Saturday, September 12, 2009

Shoulders

I have a conflict on Satuday, so I needed to compress the workout schedule even further. I purposefully left out all major pressing to avoid working the pec. I want to rest it due to the irritation from tuesday.

Standing press:
135 x 5
155 x 5
175 x 3
185 x 3
195 x 2, 2

These feel so much better when I'm fresh.

Super-set with Chest Supported Rows
135 x 5
180 x 5, 4 sets

Standing Pin Presses:

I think Kyle did these a while ago, so I thought I woudl try them out. Same form as the standing press with the bar starting from a dead stop right below my chin.

135 x 5
155 x 5
175 x 4
185 x 3, 2

Started out easier than I expected, but I got tired as the sets went on.

Super-set with MTS High Row:
270 x 5
290 x 4
310 x 4

Tried doing some skull crushers, but the elbow still hurt.

bodyweight Chin ups + Dips, 4 sets

Finished with dumbbell front raises and regular curls.
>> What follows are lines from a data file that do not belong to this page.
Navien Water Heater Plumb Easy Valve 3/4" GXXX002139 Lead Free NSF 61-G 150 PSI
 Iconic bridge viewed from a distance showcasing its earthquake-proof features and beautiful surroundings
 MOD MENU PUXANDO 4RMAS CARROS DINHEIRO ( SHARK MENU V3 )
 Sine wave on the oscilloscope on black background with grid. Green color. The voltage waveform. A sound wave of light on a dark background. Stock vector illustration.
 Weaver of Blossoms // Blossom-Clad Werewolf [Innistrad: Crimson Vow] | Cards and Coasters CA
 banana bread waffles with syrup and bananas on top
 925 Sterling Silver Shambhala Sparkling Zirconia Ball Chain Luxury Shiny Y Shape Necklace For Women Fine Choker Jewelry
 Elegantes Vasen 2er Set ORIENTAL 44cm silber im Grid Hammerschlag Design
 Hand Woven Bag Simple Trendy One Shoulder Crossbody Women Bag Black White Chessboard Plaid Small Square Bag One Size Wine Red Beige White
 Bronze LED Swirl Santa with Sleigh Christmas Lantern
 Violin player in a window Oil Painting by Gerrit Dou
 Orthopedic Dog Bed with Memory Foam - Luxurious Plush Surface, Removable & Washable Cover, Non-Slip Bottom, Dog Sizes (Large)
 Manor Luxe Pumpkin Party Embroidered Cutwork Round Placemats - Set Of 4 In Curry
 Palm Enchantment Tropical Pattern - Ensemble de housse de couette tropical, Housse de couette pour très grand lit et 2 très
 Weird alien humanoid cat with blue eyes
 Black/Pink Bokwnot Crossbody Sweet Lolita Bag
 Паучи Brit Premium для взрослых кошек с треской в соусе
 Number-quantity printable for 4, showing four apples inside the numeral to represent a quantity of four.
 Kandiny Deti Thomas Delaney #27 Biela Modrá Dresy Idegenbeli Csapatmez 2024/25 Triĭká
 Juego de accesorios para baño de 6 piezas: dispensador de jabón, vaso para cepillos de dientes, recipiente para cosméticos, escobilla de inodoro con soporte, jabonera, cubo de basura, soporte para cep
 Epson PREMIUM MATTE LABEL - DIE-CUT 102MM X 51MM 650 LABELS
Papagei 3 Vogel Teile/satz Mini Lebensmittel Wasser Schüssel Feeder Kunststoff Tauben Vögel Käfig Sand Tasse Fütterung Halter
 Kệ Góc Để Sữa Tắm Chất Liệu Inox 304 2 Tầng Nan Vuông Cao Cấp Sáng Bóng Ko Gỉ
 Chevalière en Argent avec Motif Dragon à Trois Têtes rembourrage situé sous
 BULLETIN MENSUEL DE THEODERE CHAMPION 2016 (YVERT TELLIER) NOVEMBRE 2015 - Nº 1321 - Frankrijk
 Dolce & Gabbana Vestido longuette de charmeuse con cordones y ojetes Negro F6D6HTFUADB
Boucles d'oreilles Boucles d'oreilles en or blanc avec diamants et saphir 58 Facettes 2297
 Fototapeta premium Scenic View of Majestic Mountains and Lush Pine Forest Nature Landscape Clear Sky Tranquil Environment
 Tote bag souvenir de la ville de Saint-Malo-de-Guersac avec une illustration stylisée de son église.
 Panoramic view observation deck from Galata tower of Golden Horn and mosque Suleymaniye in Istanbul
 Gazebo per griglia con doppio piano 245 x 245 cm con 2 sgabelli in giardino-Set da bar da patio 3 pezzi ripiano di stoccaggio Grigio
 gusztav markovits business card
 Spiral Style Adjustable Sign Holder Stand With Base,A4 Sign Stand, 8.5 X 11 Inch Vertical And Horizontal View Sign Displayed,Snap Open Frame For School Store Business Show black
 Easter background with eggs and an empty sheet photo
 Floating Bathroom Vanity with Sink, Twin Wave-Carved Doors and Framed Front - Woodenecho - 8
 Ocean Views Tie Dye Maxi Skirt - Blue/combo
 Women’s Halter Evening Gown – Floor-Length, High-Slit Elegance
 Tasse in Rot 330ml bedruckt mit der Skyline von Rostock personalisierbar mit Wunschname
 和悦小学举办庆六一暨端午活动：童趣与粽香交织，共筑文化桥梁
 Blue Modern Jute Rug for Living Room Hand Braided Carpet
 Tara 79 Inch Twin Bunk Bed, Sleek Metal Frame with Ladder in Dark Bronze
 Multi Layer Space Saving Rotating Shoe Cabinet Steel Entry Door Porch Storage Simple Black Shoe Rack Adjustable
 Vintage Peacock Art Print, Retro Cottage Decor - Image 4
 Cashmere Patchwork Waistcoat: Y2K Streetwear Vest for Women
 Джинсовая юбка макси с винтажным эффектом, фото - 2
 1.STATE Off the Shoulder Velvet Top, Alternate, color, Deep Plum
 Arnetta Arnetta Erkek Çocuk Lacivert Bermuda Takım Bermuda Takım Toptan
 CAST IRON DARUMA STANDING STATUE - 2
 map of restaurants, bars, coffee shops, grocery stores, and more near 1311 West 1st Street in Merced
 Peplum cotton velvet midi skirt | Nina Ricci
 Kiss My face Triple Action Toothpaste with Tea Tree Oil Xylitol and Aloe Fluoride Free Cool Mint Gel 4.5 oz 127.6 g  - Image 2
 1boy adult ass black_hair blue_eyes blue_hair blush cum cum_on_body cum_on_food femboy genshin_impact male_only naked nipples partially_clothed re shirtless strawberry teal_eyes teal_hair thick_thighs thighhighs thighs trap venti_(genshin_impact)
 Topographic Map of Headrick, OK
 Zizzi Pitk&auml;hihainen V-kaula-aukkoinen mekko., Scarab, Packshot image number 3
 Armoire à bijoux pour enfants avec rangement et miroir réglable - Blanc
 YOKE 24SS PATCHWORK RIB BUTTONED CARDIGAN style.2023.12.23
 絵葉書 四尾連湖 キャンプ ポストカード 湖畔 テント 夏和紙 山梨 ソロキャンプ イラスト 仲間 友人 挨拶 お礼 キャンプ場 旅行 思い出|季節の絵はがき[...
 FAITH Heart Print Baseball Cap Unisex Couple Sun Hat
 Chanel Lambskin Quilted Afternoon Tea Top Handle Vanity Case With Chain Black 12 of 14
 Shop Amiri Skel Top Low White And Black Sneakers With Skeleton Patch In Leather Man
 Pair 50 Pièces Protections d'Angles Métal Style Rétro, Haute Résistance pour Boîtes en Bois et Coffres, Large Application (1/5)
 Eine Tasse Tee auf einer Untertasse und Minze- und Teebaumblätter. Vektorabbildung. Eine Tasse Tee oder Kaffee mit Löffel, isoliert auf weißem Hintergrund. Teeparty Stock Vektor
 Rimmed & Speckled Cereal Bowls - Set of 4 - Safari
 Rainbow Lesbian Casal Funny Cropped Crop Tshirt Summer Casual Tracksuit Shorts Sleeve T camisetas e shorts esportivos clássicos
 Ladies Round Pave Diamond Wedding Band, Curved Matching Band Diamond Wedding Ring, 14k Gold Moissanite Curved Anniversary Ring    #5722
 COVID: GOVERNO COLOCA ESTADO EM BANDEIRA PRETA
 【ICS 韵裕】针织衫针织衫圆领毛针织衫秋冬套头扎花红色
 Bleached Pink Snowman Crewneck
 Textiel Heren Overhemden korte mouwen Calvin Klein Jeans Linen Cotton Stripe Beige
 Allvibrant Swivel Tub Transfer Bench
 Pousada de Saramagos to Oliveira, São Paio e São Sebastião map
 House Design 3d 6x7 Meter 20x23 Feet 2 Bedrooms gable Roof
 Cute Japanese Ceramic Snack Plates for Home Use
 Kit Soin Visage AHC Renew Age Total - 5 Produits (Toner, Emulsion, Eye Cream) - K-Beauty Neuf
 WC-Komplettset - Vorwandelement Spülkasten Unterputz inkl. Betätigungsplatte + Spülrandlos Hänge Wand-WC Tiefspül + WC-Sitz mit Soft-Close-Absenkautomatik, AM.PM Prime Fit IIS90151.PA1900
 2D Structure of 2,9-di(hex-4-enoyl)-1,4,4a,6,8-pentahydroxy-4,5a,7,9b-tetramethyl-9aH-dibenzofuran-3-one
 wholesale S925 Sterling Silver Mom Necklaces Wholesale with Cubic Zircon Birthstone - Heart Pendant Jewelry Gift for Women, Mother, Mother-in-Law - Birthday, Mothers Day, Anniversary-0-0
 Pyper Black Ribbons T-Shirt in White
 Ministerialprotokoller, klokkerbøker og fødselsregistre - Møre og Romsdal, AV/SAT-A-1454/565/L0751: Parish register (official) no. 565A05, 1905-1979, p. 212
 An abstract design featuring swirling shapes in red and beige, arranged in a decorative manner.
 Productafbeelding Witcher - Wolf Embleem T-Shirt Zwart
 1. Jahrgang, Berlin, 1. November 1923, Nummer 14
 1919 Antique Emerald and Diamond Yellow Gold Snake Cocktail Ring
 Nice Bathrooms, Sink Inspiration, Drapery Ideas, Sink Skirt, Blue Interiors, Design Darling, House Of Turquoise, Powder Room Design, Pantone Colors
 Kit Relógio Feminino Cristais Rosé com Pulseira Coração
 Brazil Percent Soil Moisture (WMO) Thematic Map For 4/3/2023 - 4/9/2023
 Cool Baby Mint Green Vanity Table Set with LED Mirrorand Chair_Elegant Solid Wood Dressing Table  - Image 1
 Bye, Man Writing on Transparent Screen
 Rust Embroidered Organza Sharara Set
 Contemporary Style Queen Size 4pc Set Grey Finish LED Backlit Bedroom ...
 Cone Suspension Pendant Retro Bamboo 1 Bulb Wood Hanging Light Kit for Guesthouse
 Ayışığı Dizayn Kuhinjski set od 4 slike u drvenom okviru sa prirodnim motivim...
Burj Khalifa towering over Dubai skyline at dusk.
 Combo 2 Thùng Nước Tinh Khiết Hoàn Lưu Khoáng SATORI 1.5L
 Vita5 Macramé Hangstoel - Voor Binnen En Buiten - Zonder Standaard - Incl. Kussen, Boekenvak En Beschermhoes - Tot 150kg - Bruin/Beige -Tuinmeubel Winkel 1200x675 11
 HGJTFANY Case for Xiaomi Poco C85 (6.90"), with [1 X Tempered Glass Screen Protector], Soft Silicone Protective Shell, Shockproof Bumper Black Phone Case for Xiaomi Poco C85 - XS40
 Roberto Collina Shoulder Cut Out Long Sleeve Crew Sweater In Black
Is anyone around yet? There's a new guy who just showed up and wants to train with us

2 comments:

Kyle said...

Yeah, I did do those a while ago, but I find I much prefer the seated version. The one I was ranting and raving about was from forehead to lockout, behind the head.

Vit said...

I probably won't be back until around the 24th. Have there been any updates on becoming a club sport or is it most likely not gonna happen?